Tuesday, May 27, 2014

Humor of "Horrors"

Ashman and Menken created their iteration of Little Shop of Horrors during a moment of cultural pessimism. It's current popularity belies a certain amount of anxiety in our modern society.

Howard Ashman and Alan Menken created their musical adaptation of the 1960 horror comedy during the beginning of the Reagan administration, when the former Hollywood B movie actor was ramping up the arms race with his "Star Wars" program and cutting funding to public goods like art and education. This poppy musical about the extinction of the human race is currently playing in two TCG member theaters (the Bristol Riverside Theatre in Pennsylvania and A.C.T. in Seattle), and at least one university theater (Southern Oregon).

Loveable loser Seymour Krelbourn (played by Andrew McNath at Bristol, Joshua Carter at A.C.T. and Ethan Niven at Southern Oregon) works at a flower shop whose cash flow is drying up. He's in love with the beautiful Audrey (Laura Giknis at Bristol, Jessica Skerritt at A.C.T. and Alyssa Birrer at Southern Oregon), who's in an abusive relationship with a sadistic dentist (Danna Vaccaro - Bristol, David Anthony Lewis - A.C.T., Cameron Gray - SOU). Seymour's luck turns around when he discovers a mysterious flytrap (voiced by Carl Clemons Drake and puppeteered by Nate Golden at Bristol, by Ekello Harrid, Jr. and Eric Estebb at A.C.T., and Karen Fox and Michael Hays at SOU). People flock into the flower shop to see the curiosity, unaware that Seymour is keeping it alive by feeding it his own blood. As the flytrap Seymour realizes he doesn't have enough blood to keep her alive. And thus he sets out on a path of serial killing in exchange for fame, fortune and the girl of his dreams.
 
When Little Shop of Horrors premiered off-Broadway in 1982, our country was facing the possibility of another World War, except this time with more nuclear weapons. Reagan's emphasis on military build-up only exacerbated anxieties. Between the two of them, the U.S. and the U.S.S.R. had enough fire power, anecdotally, to obliterate human life several times over. Little Shop's humor comes from a place of powerlessness: if we can't stop human extinction, we might as well make a joke about it. While he was moving money into defense, Reagan was taking money from the arts. If arts were to succeed, they would have to adapt to the capitalist model that the nation was pushing them into. Hence, Little Shop of Horrors needed to be a poppy musical with a laugh a minute and songs the audience would hum in the lobby. Its continued popularity is a statement on our national mood. All the defense and public safety infrastructure we've accumulated couldn't stop the 9-11 attacks, or the Boston Marathon bombing. We can't even stop non-political violence like the Isla Vista killings. And even if we don't die in some awful instance of mass violence that all our defense spending apparently can't protect us from, how's our quality of life? The students at and in SOU's Little Shop of Horrors will earn their bachelors hopelessly in debt, and then they'll have thin opportunities to get the kind of employment that will dig them out of that debt. For all it's frolicking, Little Shop of Horrors opines that, if the earth is going to hell with all of us on it anyways, then we might as well just sing.

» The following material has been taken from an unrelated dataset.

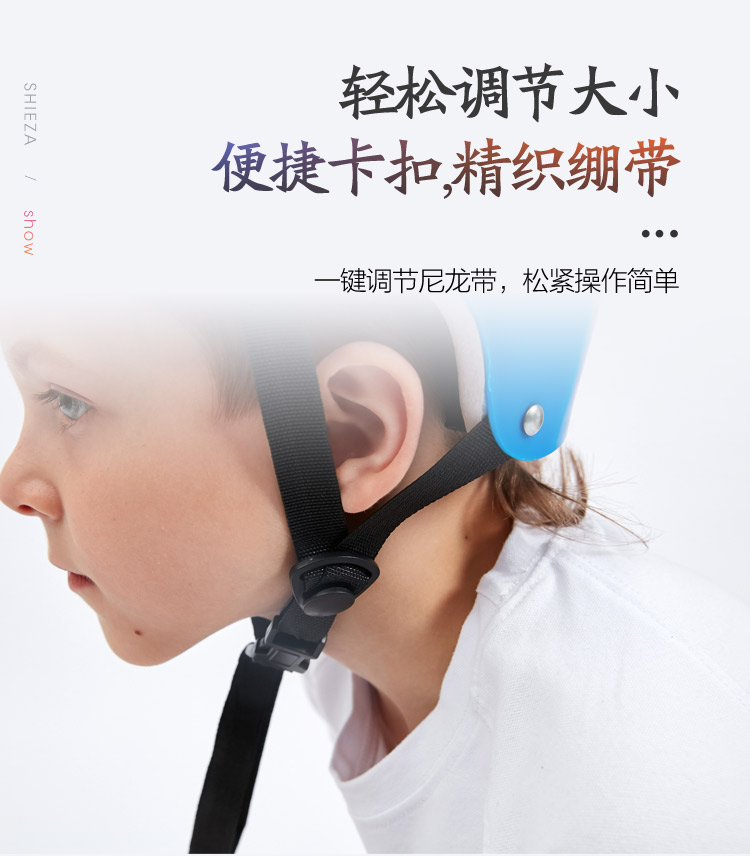 Thiết bị bảo vệ trẻ em bộ cân bằng xe thể thao chống vỡ trẻ em Mũ bảo hiểm đầu gối miếng đệm khuỷu tay cưỡi thiết bị trượt bánh - Smart Scooter xe homesheel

The Little Shop of Horror's perennial popularity tells us something about our relationship with the 80s, specifically, that we're not a whole lot happier or more secure than we were then. As such, it's an enduring indictment of Reagan's presidency. Sure, he thought he was helping the country by building up our defense infrastructure and pushing his brand of capitalist ideology on us, but look where we are now. If all theater's political, and every artistic choice is a social statement, then surely Little Shop of Horrors is one of the most nihilistically leftist plays there is. Bristol, A.C.T. and SOU's choice of Little Shop belies an unhappy acquiescence to unpredictable violence and the economic blight of neo-liberalism.